How You Doin’ Blondie?


Death Wish VI
June 2, 2008, 3:24 pm
Filed under: Humor, Images, Life, Teenagers | Tags: , , ,

I was sitting on my front porch reading a book, and I guess the high school let out early or something because I see walking down the sidewalk a group of about 10 teenage boys. Well actually, I heard them before I saw them. They were posturing like teenage boys do, so before they were even in my line of sight I could hear, “What the FUCK man – FUCK YOU – She’s FUCKING hot,” and so on and so forth.

It was like watching an exhibit at the zoo or something.

When they made it to the sidewalk directly across the street, I watched them start to rough house. One boy pushed another one so violently he went flying like 20 yards to the left into someone’s flower garden. Instinctively identifying an opportunity to be violent, two other boys in the group stomped their way into the flower garden with the obvious intention of giving their friend a good natured pummeling. Then, out of nowhere, I hear, “HEY, GET OUT OF MY GARDEN.” I look down the street and there’s this short, fat, white lady almost working herself up into a annuerism over the kids in her garden. Well the boys disinterestedly roused themselves from the garden, and in keeping with their general attitude, one them must of muttered something rude as they were retreating.
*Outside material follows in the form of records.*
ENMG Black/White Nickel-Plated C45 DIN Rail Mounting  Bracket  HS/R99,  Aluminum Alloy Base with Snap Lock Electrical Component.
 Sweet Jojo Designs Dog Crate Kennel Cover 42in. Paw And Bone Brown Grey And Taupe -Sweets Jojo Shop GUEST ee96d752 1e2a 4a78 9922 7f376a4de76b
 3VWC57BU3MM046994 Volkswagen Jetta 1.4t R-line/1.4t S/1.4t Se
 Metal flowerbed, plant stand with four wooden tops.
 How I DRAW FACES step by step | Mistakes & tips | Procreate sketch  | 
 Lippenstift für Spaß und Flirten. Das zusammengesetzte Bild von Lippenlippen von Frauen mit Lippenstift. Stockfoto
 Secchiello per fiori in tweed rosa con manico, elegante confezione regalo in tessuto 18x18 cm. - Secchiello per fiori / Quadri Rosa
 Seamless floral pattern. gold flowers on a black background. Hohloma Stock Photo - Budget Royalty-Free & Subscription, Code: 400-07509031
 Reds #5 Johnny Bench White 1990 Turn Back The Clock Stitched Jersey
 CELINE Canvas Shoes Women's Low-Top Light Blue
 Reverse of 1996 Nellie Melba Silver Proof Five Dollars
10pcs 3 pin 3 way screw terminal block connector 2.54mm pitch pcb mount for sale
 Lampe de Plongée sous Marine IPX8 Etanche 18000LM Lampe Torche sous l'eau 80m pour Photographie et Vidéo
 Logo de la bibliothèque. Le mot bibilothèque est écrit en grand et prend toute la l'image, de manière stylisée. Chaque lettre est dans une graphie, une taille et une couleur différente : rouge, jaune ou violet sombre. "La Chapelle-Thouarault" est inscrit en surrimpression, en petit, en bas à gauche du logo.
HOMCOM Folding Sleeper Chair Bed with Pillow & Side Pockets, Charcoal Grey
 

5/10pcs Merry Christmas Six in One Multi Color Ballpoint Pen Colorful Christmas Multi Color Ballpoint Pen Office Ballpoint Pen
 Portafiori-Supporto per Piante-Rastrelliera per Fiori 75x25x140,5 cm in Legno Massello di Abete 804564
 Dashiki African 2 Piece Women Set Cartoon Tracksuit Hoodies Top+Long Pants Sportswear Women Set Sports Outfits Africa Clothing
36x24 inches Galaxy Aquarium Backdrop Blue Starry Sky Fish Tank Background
Next thing I know, this tiny little Keebler elf bellows, “WHAT did you just say?” To which one of the boys in the group responded,  “It’s just a fucking flower garden lady…” The woman attempted to respond, but the group effectively drownerd her out with a chorus of, “Fuck YOU lady, blah blah blah.”

Now here’s the thing: first of all, her flowers weren’t that badly damaged. I mean, it’s not like they went in there with a backhoe for crying out loud. Additionally, they didn’t enter her flower garden with the explicit intention of defacing her property – they were just being rowdy, oblivious teenage boys. The problem I have is with their attitude. Whatever happened to respecting your fucking elders? Yeah, the lady might’ve been crabby, but who the fuck did those kids think they were talking back to her like that? If my dad had ever heard either of us kids ever address an adult like that, we wouldn’t have sat down for a week, easily. I’m sick of this insolent attitude from kids today, this idea that they know everything and fuck anybody over the age of 17. I’m sick of parents who throw up their hands and say, “Jimmy is just too out of control, I don’t know what to do!” Kick Jimmy’s ass, that’s what you do. Tell Jimmy that if he pulls some shit like that again, your foot will be so far up his ass he’ll be able to taste it. And if he does it again, make good on your promise.

Because I’ll tell you what, when I reach the age where teenage boys stop thinking I’m hot, I’m going to wind up putting up with their garden-trampling bullshit too, and I’m not as forgiving as most. Picture: Charles Bronson for the female set.